Zainuddin mengatakan Kementerian Luar Negeri harus segera melakukan pendataan ulang di lapangan terkait kasus-kasus hukum yang membelit WNI di Arab Saudi. Jangan sampai kasus Zainab yang dieksekusi mati tanpa pemberitahuan sebelumnya, terulang lagi. Zainuddin menyesalkan sikap Kerajaan Arab Saudi yang tidak mengindahkan Pemerintah RI.

Ketua DPP PKS ini juga mengatakan melihat kasus permohonan maaf dan tebusan diyatnya yang menunggu ahli waris tunggal berusia baligh 13 tahun sejak 1999, apakah ada kelalain dari pemerintah untuk melakukan pendekatan kepada keluarga waris?
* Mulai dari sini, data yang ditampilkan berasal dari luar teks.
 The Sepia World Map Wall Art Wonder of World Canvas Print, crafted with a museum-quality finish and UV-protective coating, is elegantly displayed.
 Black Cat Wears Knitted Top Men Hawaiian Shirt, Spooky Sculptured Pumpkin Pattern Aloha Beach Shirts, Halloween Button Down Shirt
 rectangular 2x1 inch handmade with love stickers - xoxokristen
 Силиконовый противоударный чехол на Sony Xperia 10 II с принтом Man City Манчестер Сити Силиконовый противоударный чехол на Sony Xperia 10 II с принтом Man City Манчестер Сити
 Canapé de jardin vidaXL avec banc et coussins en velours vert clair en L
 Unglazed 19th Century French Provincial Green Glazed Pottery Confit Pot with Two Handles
"Saya ingin minta kepada Kemenlu kita, berapa sih WNI kita yang terancam hukuman mati di sana, bagaimana proses hukumnya saat ini, langkah pembelaan apa yang sudah dilakukan. Saya khawatir kasus seperti Zainab ini banyak dan sudah terjadi sebelumnya. Hanya kasus ini saja yang terekspos," imbuh Zainuddin. 
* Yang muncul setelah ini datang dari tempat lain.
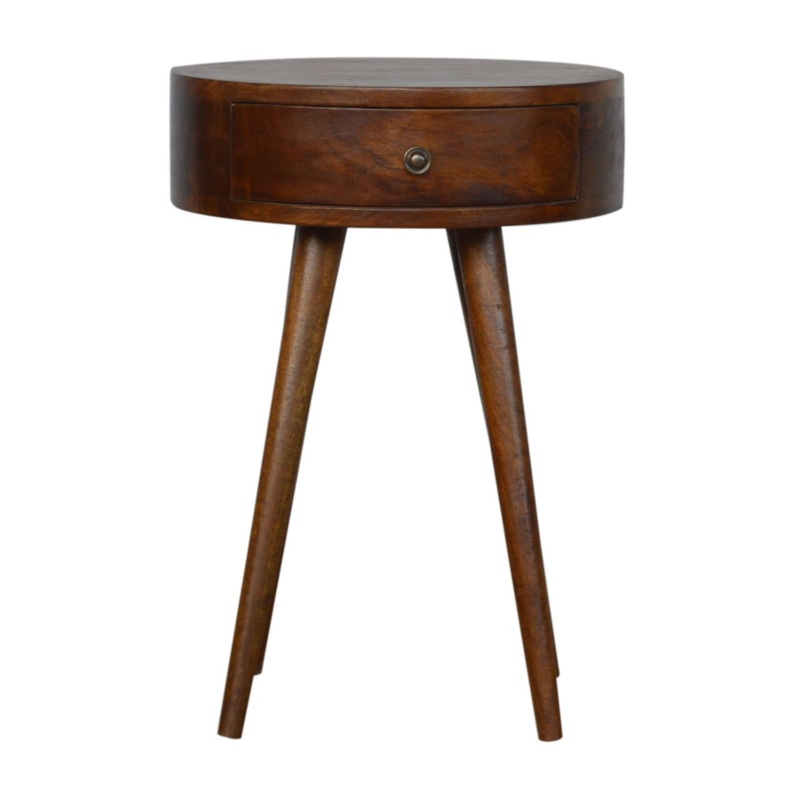 Nordic Circular Nightstand – Chestnut
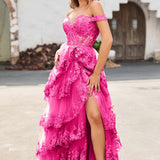 Palmira | Vestido em tule com folhos com ombros descobertos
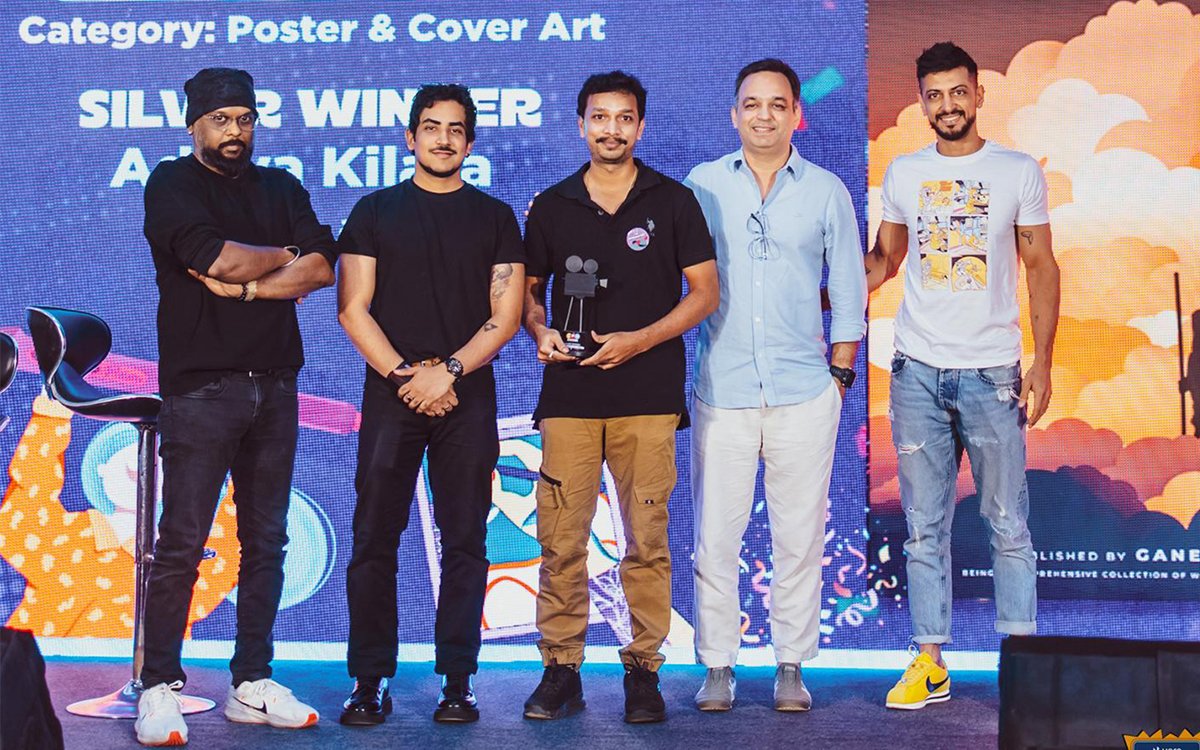 Aditya Kilara receiving the Silver Winner award in the IFP Festival Season 13 7 Day Design Challenge with Gopi Prasanna and fellow presenters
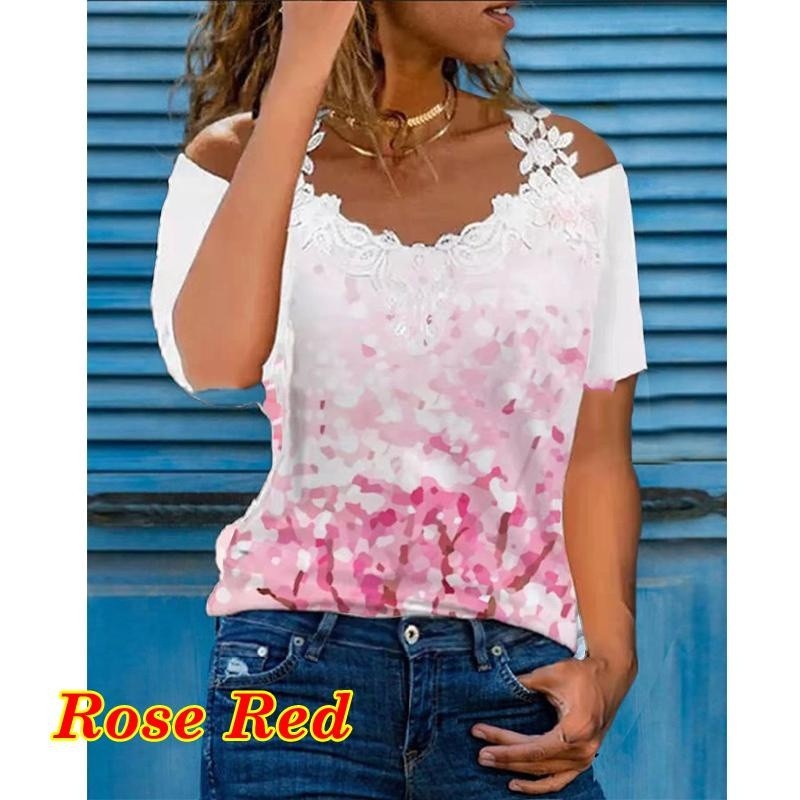 Women's Summer Lace Short-sleeved Casual T-shirt Blouses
Meskipun demikian, menurut Zainuddin, hukuman mati dalam kasus pidana yang berlaku di Arab Saudi bisa dipahami dan harus dihormati. Namun pembelaan terhadap WNI yang terjerat pidana tetap harus dilakukan.

Siti Zaenab merupakan seorang Buruh Migran Indonesia (BMI) di Arab Saudi yang dipidana atas kasus pembunuhan terhadap istri pengguna jasanya bernama Nourah binti Abdullah Duhem Al Maruba pada tahun 1999. Siti Zainab kemudian ditahan di Penjara Umum Madinah sejak 5 Oktober 1999.
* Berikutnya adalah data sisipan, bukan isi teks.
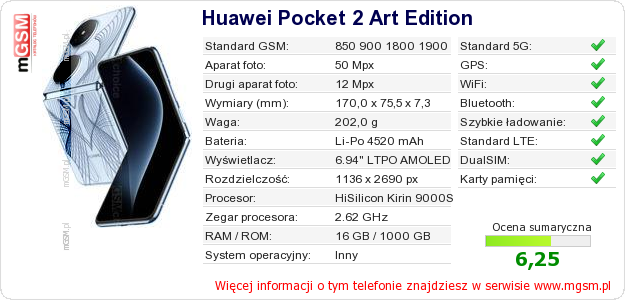 Dane telefonu Huawei Pocket 2 Art Edition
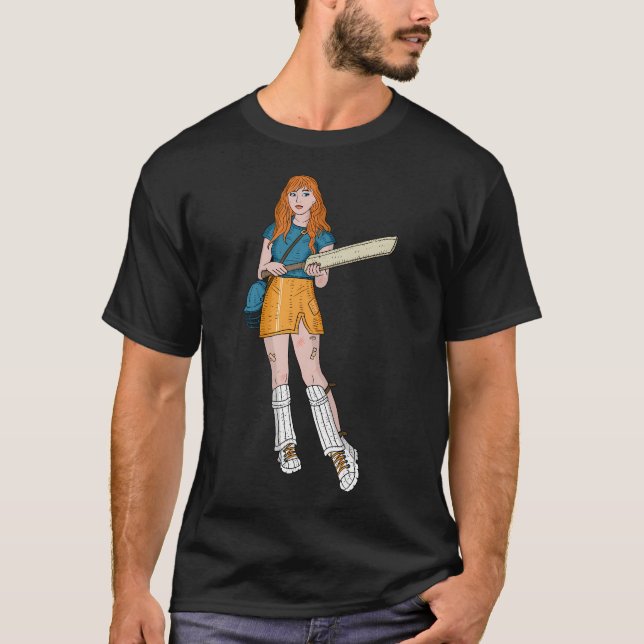 Camiseta Jogadora de críquete. (Frente)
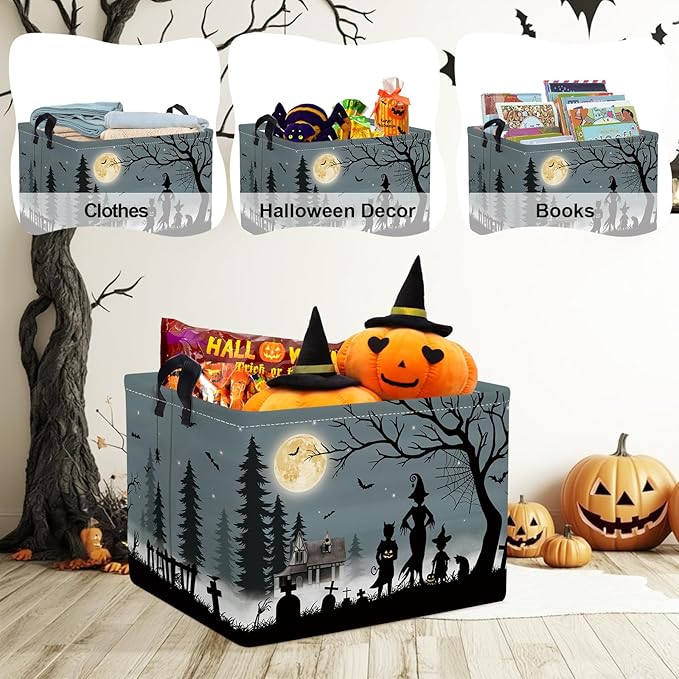 Clastyle Halloween Pumpkin Storage Basket Kid Spooky Book Gift Basket Empty Outdoor Graveyard Jack-o-lantern Boo Bin Baby Nursery Clothes Hamper Toy Box,Witch Bat,40*30*30 cm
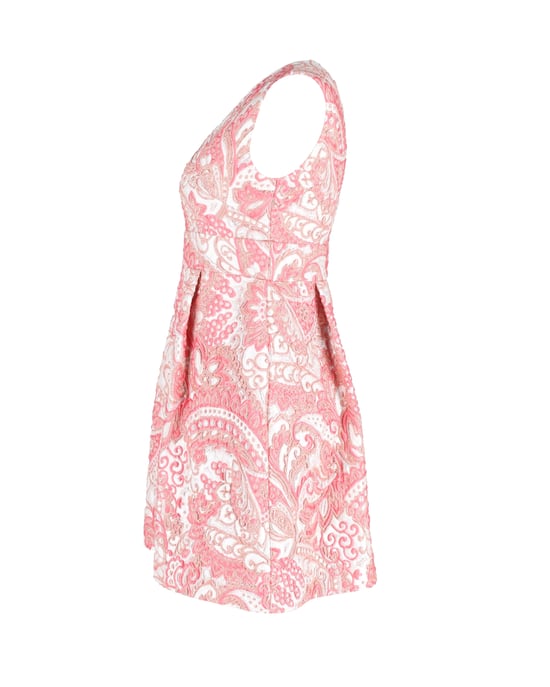 Dolce & Gabbana – Blommig jacquard-miniklänning i rosa polyester - Image 2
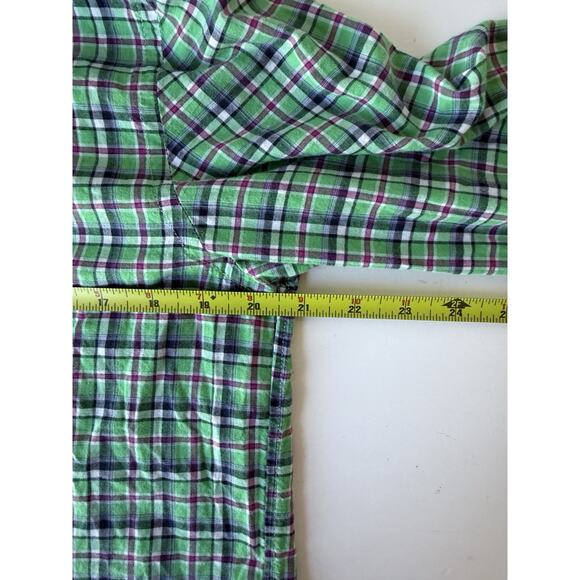 Lauren Ralph Lauren Shirt Womens XL 18-29 Green Plaid Button Front - Picture 6 of 8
Setelah melalui rangkaian proses hukum, pada 8 Januari 2001, Pengadilan Madinah menjatuhkan vonis hukuman mati qishash kepada Siti Zaenab. Dengan jatuhnya keputusan qishash tersebut, maka pemaafan hanya bisa diberikan oleh ahli waris korban.

Namun pelaksanaan hukuman mati tersebut ditunda untuk menunggu Walid bin Abdullah bin Muhsin Al Ahmadi, putra bungsu korban, mencapai usia akil baligh.

Kemudian pada tahun 2013, setelah dinyatakan akil baligh, Walid bin Abdullah bin Muhsin Al Ahmadi telah menyampaikan kepada pengadilan perihal penolakannya untuk memberikan pemaafan kepada Siti Zaenab dan tetap menuntut pelaksanaan hukuman mati. Hal ini kemudian dicatat dalam keputusan pengadilan pada tahun 2013.

Pada hari Selasa (14/4/2015) pukul 10.00 waktu setempat, WNI yang berprofesi sebagai pembantu rumah tangga ini dieksekusi mati tanpa ada pemberitahuan dahulu kepada pihak RI. Menlu Retno Marsudi lalu melayangkan protes keras atas pelaksanaan eksekusi mati tersebut.